Güzel bir hastane olmasına rağmen büyük bir ulaşım sorunu yaşanıyor.
Elinde peçete ağzındaki kanamayı önlemeye çalışan birçok insan otobüs duraklarında uzun süre otobüs bekliyor. Çoğu yani en az yüzde 70’i kırsal kesimden gelenlerden oluşturuyor. Gelen insanın yaşları ise 50’nin üzerinde.
Yani yaşlı insanlar…
Beklenen otobüs geldi 106 nolu Büyükşehir Belediyesine ait otobüs.
Birçok sokak dolaştıktan sonra genç şoför hiç bilmediğim bir sokakta durdu.
Beklemeye başladık…
Kaptan bir yandan eşyalarını topluyor bir yandan da saate bakıyor. Galiba birilerini bekliyor….

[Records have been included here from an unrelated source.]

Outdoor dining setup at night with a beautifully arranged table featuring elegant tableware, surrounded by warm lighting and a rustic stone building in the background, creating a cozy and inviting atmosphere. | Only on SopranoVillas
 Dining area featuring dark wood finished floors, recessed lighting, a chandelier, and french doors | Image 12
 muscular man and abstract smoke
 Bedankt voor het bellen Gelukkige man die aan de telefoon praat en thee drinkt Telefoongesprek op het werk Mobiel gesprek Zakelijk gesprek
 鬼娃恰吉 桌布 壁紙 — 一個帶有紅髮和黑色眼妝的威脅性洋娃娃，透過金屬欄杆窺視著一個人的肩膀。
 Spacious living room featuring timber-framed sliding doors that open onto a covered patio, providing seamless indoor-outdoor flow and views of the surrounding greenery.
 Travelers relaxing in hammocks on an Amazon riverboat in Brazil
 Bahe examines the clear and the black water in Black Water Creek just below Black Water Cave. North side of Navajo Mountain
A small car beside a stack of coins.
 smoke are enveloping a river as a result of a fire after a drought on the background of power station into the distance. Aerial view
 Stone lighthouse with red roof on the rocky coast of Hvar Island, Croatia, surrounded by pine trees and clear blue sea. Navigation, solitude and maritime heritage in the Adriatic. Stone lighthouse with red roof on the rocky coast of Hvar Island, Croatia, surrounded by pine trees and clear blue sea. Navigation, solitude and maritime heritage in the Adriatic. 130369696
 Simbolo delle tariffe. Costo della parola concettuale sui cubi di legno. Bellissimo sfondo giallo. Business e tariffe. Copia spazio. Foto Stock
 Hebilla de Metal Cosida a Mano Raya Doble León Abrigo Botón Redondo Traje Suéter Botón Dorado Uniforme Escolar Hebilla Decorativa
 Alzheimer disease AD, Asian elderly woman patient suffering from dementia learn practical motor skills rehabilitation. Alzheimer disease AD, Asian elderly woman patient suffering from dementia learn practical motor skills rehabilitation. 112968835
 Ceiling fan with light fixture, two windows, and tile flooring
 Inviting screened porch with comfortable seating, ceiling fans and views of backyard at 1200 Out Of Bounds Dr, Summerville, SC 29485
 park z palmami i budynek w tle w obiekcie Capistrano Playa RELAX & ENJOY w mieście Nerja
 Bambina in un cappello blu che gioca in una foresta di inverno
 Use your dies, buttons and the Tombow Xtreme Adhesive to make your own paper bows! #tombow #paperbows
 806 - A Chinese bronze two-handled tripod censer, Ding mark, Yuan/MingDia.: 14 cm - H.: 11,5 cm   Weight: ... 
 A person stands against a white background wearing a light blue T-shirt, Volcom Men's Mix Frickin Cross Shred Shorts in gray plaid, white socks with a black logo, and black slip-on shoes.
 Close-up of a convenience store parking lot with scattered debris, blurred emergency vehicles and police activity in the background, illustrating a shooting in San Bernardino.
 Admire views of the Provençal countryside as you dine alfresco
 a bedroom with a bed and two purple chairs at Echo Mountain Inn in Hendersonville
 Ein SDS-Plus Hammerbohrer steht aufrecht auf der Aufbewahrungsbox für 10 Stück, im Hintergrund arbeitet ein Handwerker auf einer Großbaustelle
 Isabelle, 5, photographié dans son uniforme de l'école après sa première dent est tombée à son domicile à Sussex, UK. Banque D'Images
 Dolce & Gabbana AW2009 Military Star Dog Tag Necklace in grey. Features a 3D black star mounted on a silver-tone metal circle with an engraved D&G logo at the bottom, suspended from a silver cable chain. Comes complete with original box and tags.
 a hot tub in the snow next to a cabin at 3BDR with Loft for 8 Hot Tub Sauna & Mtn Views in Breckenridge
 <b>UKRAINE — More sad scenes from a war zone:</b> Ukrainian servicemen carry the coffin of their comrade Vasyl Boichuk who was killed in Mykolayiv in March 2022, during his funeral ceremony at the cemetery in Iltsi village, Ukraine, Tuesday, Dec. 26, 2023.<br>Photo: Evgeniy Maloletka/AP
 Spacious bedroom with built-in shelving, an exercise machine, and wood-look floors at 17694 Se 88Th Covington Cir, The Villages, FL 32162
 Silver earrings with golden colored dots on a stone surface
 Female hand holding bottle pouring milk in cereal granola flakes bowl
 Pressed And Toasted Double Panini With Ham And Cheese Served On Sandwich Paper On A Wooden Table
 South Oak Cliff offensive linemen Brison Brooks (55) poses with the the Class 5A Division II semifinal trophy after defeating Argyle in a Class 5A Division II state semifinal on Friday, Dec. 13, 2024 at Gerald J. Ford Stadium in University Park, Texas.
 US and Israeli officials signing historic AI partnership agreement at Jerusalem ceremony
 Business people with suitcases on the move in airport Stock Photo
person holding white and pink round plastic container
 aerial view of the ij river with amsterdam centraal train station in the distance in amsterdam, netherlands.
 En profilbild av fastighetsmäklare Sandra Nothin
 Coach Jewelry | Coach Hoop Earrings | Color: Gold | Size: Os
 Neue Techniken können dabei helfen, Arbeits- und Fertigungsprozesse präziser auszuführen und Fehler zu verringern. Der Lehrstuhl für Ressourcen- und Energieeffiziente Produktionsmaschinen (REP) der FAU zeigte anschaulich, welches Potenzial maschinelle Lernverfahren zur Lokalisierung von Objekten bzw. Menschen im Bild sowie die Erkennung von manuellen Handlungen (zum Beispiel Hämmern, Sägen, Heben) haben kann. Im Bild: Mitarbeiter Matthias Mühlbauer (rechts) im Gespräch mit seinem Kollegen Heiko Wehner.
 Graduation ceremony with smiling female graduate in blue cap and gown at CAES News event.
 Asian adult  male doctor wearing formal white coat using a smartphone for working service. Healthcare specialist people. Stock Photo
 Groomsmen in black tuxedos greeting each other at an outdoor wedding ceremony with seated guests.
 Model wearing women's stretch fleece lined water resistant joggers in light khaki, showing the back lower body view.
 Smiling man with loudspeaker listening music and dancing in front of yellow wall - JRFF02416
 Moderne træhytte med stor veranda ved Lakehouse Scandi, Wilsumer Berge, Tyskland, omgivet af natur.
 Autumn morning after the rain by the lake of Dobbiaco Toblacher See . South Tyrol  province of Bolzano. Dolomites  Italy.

15-20 dakika sonra iri kıyım biri geliyor. Önümüzde duran kırmızı renkli 106 nolu arabaya binmemizi söylüyor.
Bindik…
Bir türlü otobüs kalkmıyor. 07 BGV 020 plakalı aracın direksiyonuna bizi getiren genç kaptan biniyor yine. İri kıyım şahıs gitti…
Genç adam elindeki evrakları okuyor. İmzalıyor. Ama bir türlü yürümüyor otobüs…
Hastaneden çıkan yolcular sabırsızlanmaya başladı ama kaptandan tık ses veya açıklama yok.
Ben müdahale ederek neden ve kimi beklediğimizi sorduğumda ‘’evrakları teslim edeceğim onlara bakıyorum’’ dedi ve bir süre daha bekledi ve yola devam etti.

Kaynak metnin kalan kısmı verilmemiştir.